__rdtsc, QueryPerformanceCounter, and Quadpart

I was curious about a couple things.

MSDN strongly discourages the use of the __rdtsc() intrinsic, I believe because it behaves unpredictably on different processors (and on older versions of Windows such as XP,) and therefore leads to code that is not highly portable.

From http://msdn.microsoft.com/en-us/l...ws/desktop/dn553408(v=vs.85).aspx

We strongly discourage using the RDTSC or RDTSCP processor instruction to directly query the TSC because you won't get reliable results on some versions of Windows, across live migrations of virtual machines, and on hardware systems without invariant or tightly synchronized TSCs. Instead, we encourage you to use QPC to leverage the abstraction, consistency, and portability that it offers.

You can use coreinfo.exe from Sysinternals to check whether your CPU uses an invariant TSC or not.

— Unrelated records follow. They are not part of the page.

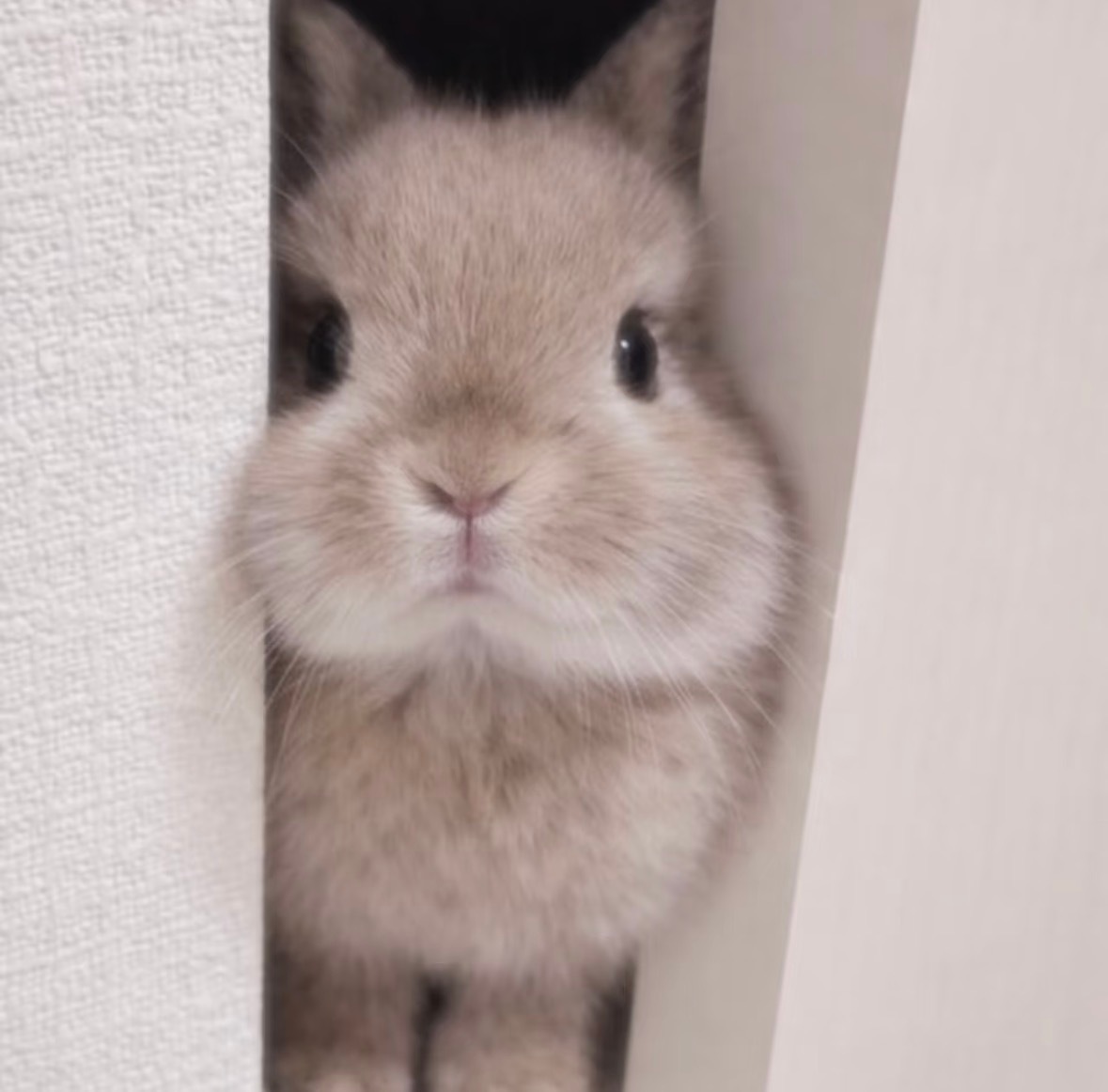 审兔积累 ₍ᐢ..ᐢ₎♡ 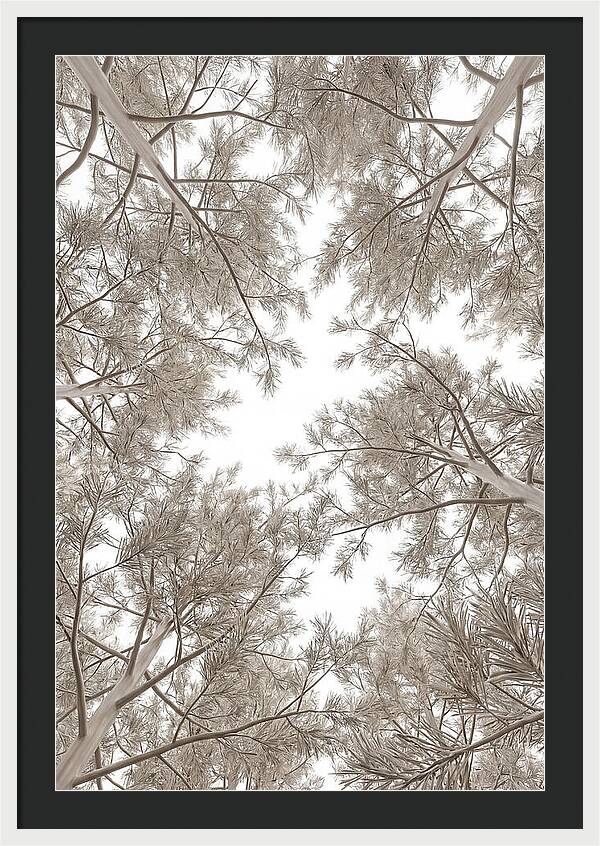 Pine Forest Canopy Perspective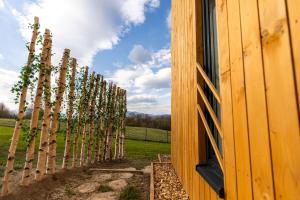Henry Domki - prywatna sauna i jacuzzi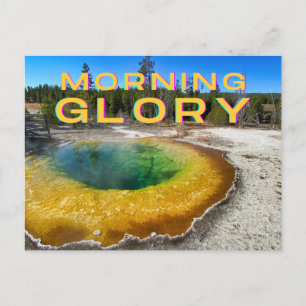 Yellowstone Nationalpark Postcard Postkarte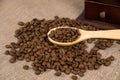 Coffe beans with a coffe grinder Royalty Free Stock Photo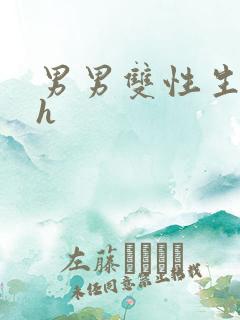 男男双性生子高h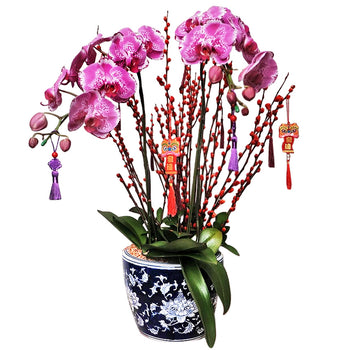 Twin Mandarin Orchid in Vase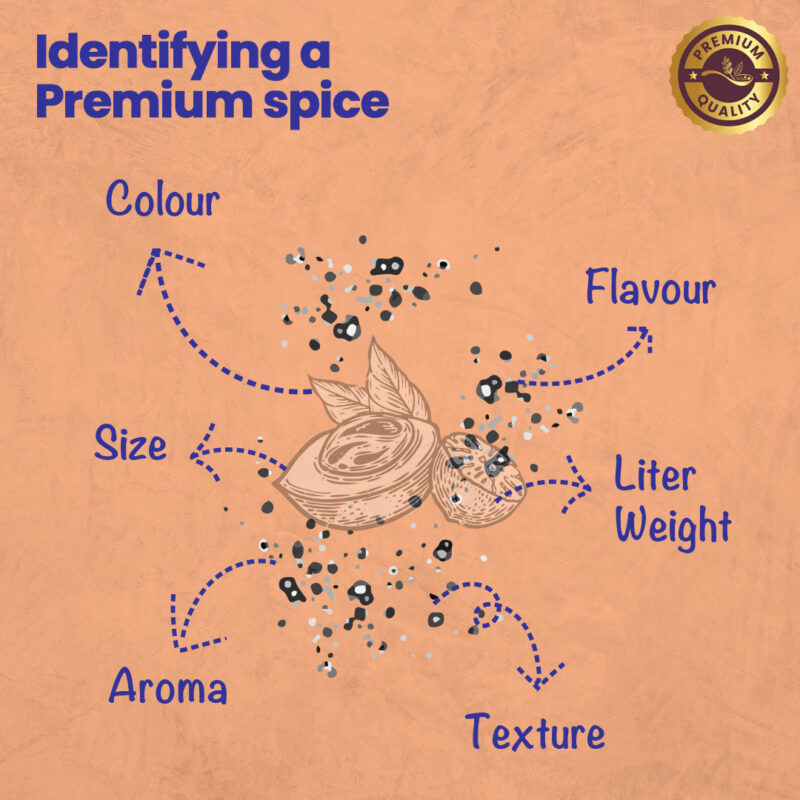 CRISTA White Pepper Powder and Nutmeg Powder Combo Pack - Image 3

You've also got Raymond Chen telling us that QueryPerformanceCounter acts differently on different systems based on the hardware:

http://blogs.msdn.com/b/oldnewthing/archive/2005/09/02/459952.aspx

Secondly, I have a question about the LARGE_INTEGER union. With highly portable code in mind, do we need to put logic in our code that says something like "if on a 32-bit computer, use .HighPart and .LowPart, otherwise use .Quadpart"? Or will the .QuadPart member always work on both 32-bit and 64-bit machines?
__rdtsc is very important and you definitely want to use it _for profiling_. What MSDN is talking about is _shipping_ code that uses __rdtsc to an end user, which is _not_ something you want to do, because you don't know what processor they might be using.

QueryPerformanceCounter, on the other hand, is actually pretty reliable as a timer you can use on an end-user system, so it's always what you use for actual clocking in the shipping code.

So, just to summarize: __rdtsc for profiling on a single machine (comparing __rdtsc's on subsequent runs), QueryPerformanceCounter for getting the wall clock time in shipping code.

As for QuadPart, it works fine on 32-bit. The compilers nowadays are smart enough to emit 32-bit code that handles the 64-bit subtract.

- Casey
@ryanries: __rdtsc works reliably on SandyBridge and up (also on newer AMD cpus). See here: https://randomascii.wordpress.com.../rdtsc-in-the-age-of-sandybridge/ CPUID has special bit for this - if it is set that means rdtsc doesn't change frequency.

As long as your dev machine have this CPU using rdtsc for profiling is fine. For real shipping code as Casey says, you don't want to use it.
What's the point in using different function on dev machine if both perform the same function? Is QueryPerformanceCounter noticably slower, because it is a windows API call and might not use ___rdtsc?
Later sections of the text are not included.